Lorsqu’on tourne le dos au marché des Capucins et qu’on ouvre les bras vers Bordeaux sud, on ne voit que lui : le cours de l’Yser et son quartier anciennement appelé le « triangle espagnol », sa perspective qui court jusque vers les boulevards et surtout son incessante activité. Il est celui qui rend le mieux hommage au multi-culturalisme avec ses karaokés familiaux, ses discussions animées, ses odeurs de grillades ou de mafé, ses coiffeurs en tout genre ou ses petits bars de quartier.
Depuis deux ans sa réputation est mise à mal par des plaintes pour incivilités et nuisances nocturnes. La Mairie, en réponse, a tenté l’année dernière la sanction collective contre les établissements de nuit. A travers les envies et les réclamations de chacun, c’est une réflexion sur le devenir du quartier qui a été enclenchée.
Piqûre de rappel
Le premier décembre 2015, les commerçants de nuit du cours de l’Yser ont poussé un soupir de soulagement. Après huit mois de restrictions horaires, la municipalité décidait de lever l’arrêté les obligeant à fermer à minuit. Et des bars dans ce quartier là, il y en a une pelletée et de tous les genres : bar à chicha, bar portugais, espagnol ou basque, bar d’habitués, restaurants africains, bar à concerts, dancings…
Mais sous le coup de l’arrêté, tout le monde était logé à la même enseigne. L’origine de cette interdiction ? La pétition déposée par quelque 80 riverains du quartier sur le bureau d’Alain Juppé en novembre 2014. Dénonçant de nombreux débordements au seuil de leurs portes, ils demandaient à la mairie de reprendre les choses en main. Pour certains, c’était le lot quotidien et acceptable d’un quartier populaire mais pour les signataires, la coupe était pleine.
Parmi eux, Stéphanie, 40 ans, deux enfants, lassée d’appeler en vain la police :
« On subit du tapage nocturne, des bagarres en bas de chez nous et on a beau prévenir les autorités personne ne vient. Le problème n’est pas qu’il y ait des bars ou des boîtes de nuit mais que certains patrons ne fassent pas en sorte que leur établissement soit bien tenu et que les règles horaires soient respectées. »
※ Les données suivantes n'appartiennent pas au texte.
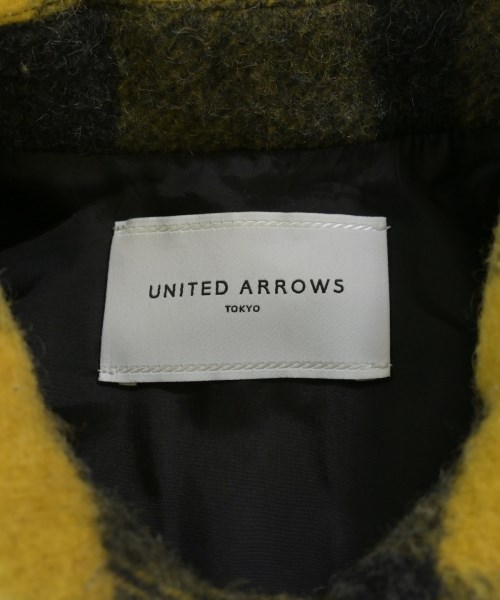 UNITED ARROWS（ユナイテッドアローズ）その他 黄 サイズ:36(S位) レディース/2200686286042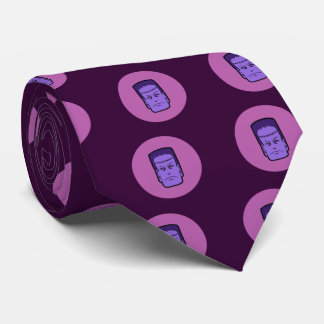 Kitschy Frankenstein Tie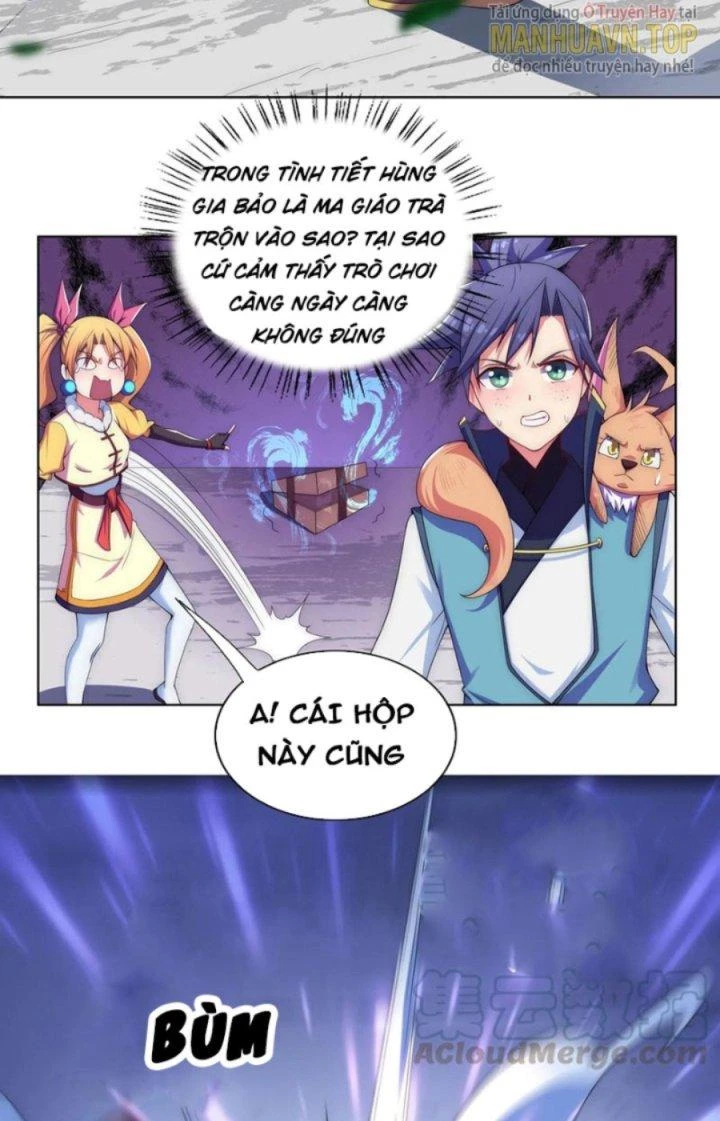Tối Cường Ma Tôn Về Hưu Đi Cua Nữ Chính Chapter 21 - Trang 27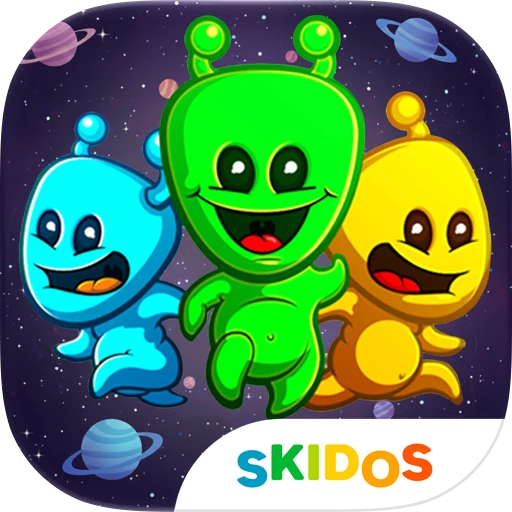 Monster Games app icon
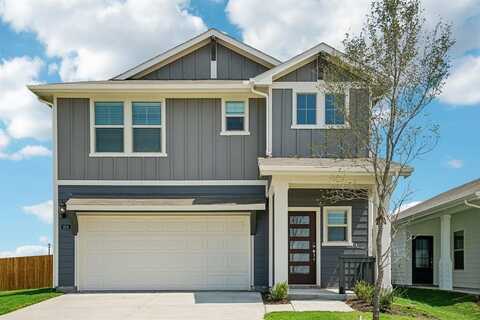 859 Wisteria Lane, Lavon, TX 75166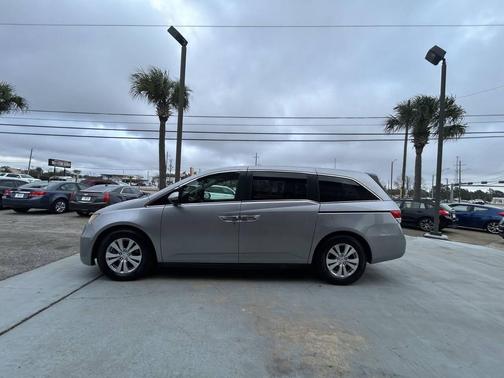 2016 Honda Odyssey EX
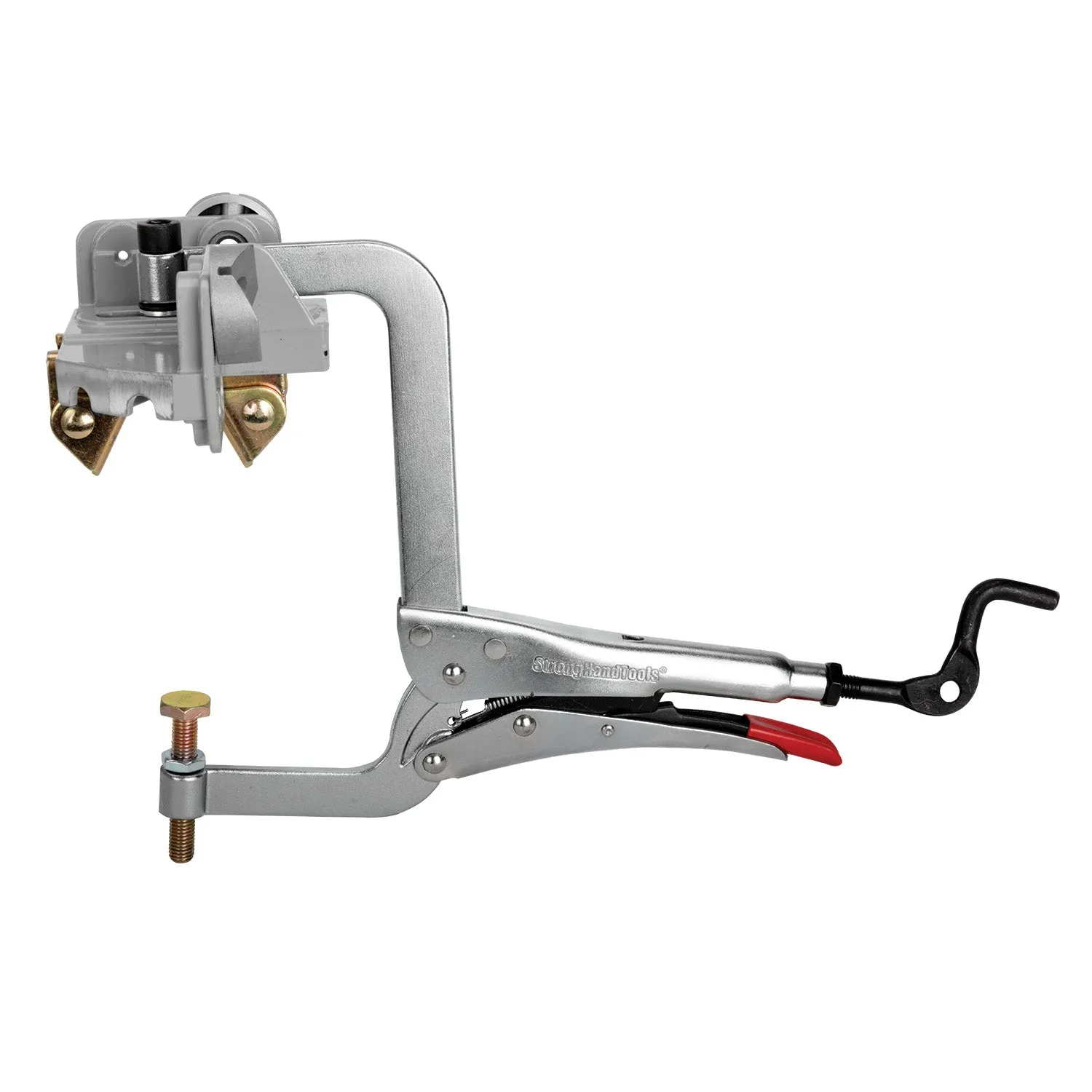 Strong Hand Europe pince de maintien tube V-Pad 23 kg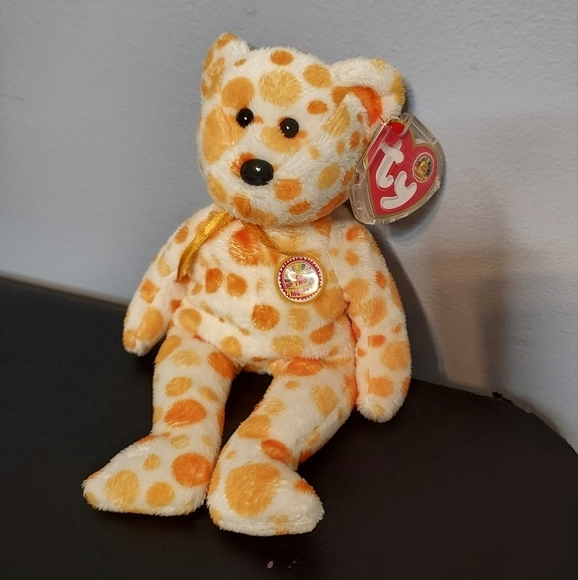 TY Beanie Baby Of The Month Alani - Picture 2 of 6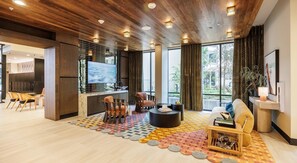 Interior - Landing | Stunning 1BD, Gym (Austin)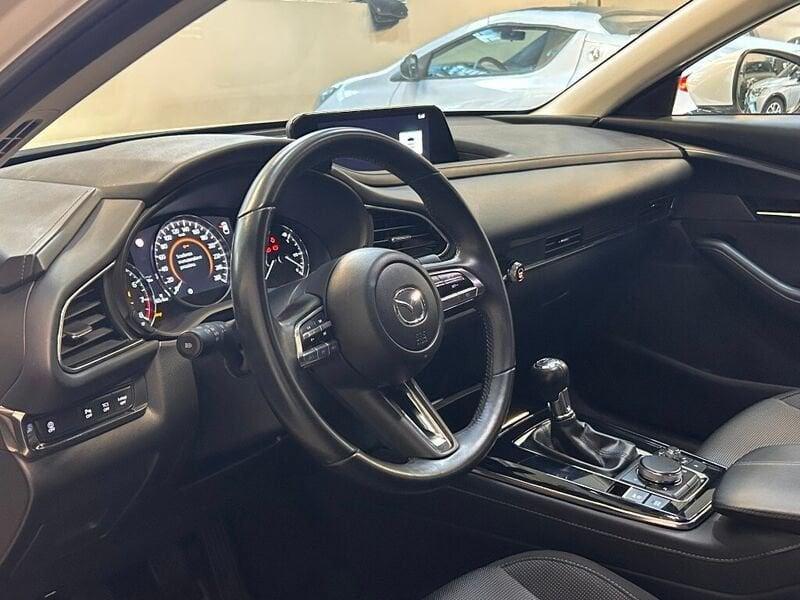 Mazda CX-30 2.0L e-Skyactiv-G M Hybrid 2WD Executive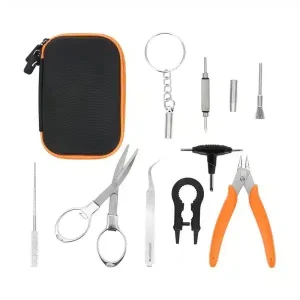 Alat Tool Kit Basic – E-Cig Power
Martine, 60 ans, a fini par rallier la cause du collectif après avoir essayé de régler seule les problèmes de tapage nocturne qu’elle subissait en bas de chez elle :
« Je dialoguais avec le patron de l’établissement, il y avait une certaine confiance à un moment donné. Il me parlait des nombreuses amendes qu’il devait payer mais il ne faisait rien pour changer la situation. »
Le 1er avril 2015, donc, la municipalité sévit, et la mesure est surprenante : tous les établissements de type bars, commerces, boîtes de nuit, restaurants, installés entre le Cours de la Marne, de l’Yser, la rue Fonfrède et la rue de Bègles doivent fermer à minuit, au lieu de 2h, pendant un an.
« Marquer le coup »
Selon certains, c’est une mauvaise décision pour trois raisons : le temps de réaction de la mairie a été long, la mesure prise, inappropriée car collective et son découpage géographique totalement aberrant. Pour ce qui est du délai, l’adjointe au maire du quartier de Bordeaux Sud Emilie Kuziew parle d’un temps de réflexion nécessaire :
« Il nous a fallu six mois pour réfléchir aux mesures que nous pouvions prendre, pour rédiger des procès verbaux et définir correctement le périmètre concerné. »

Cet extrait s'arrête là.